What my mood needed to go over the top was this email from my DRA friends about
NITI Aayog's three Year Action Plan for Persons with Disabilities
http://enabled.in/wp/niti-aayogs-three-year-action-plan-for-persons-with-disabilities/
The document talks about making a section of each class room accessible as per universal design standards in next 3 years. 3 years and just one section in each class room? It also mentions making just 10,000 buildings accessible in the next 3 full years?? Including the plan made under Accessible India Campaign that is been carried out so far?
Secondly no mention about any new programs like personal assistant program or supported decision making units. No attempt for the appointment/deputation of an inclusion focal point within NITI Ayog.
Last but most importantly, the action plan PDF as released by NITI Aayog, which is attached alongside, is not accessible for persons with print disabilities.

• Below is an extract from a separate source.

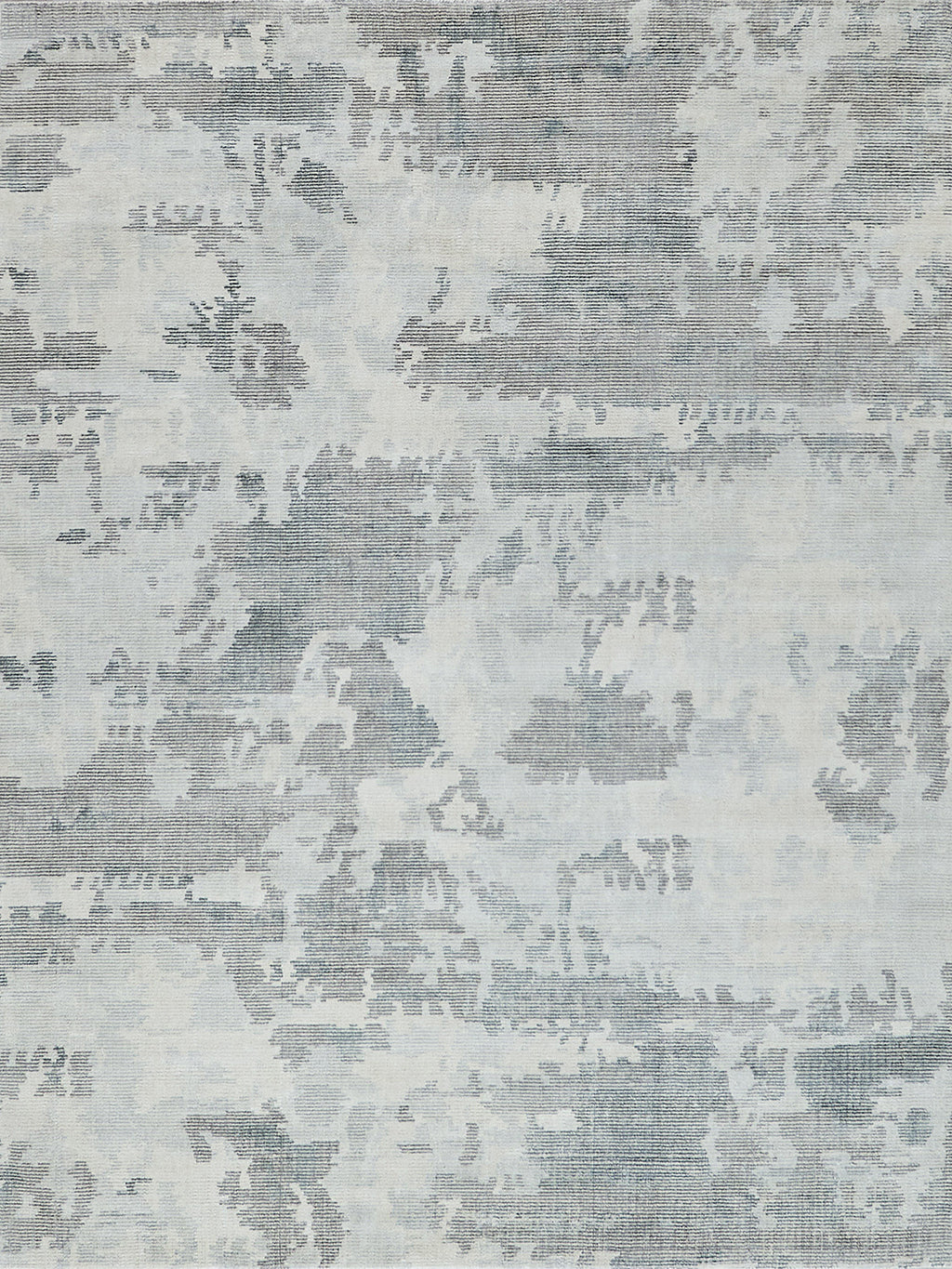 Blue-gray patterned area rug with a faded damask motif and woven texture for a modern vintage living room.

Yes Pradhan Mantriji, this report will go a long way in assuring your favourite Divyangjan that there is positive probability that your ministry may manage, by the year 2100, to have one school that is truly accessible and manage to maintain a state-of-the-art Resource Centre, be a repository of research on good governance and best practices in sustainable and equitable development as well as help their dissemination to stake-holders (point no. 10 in the stated `Functions' of this organisation according to Wikipedia).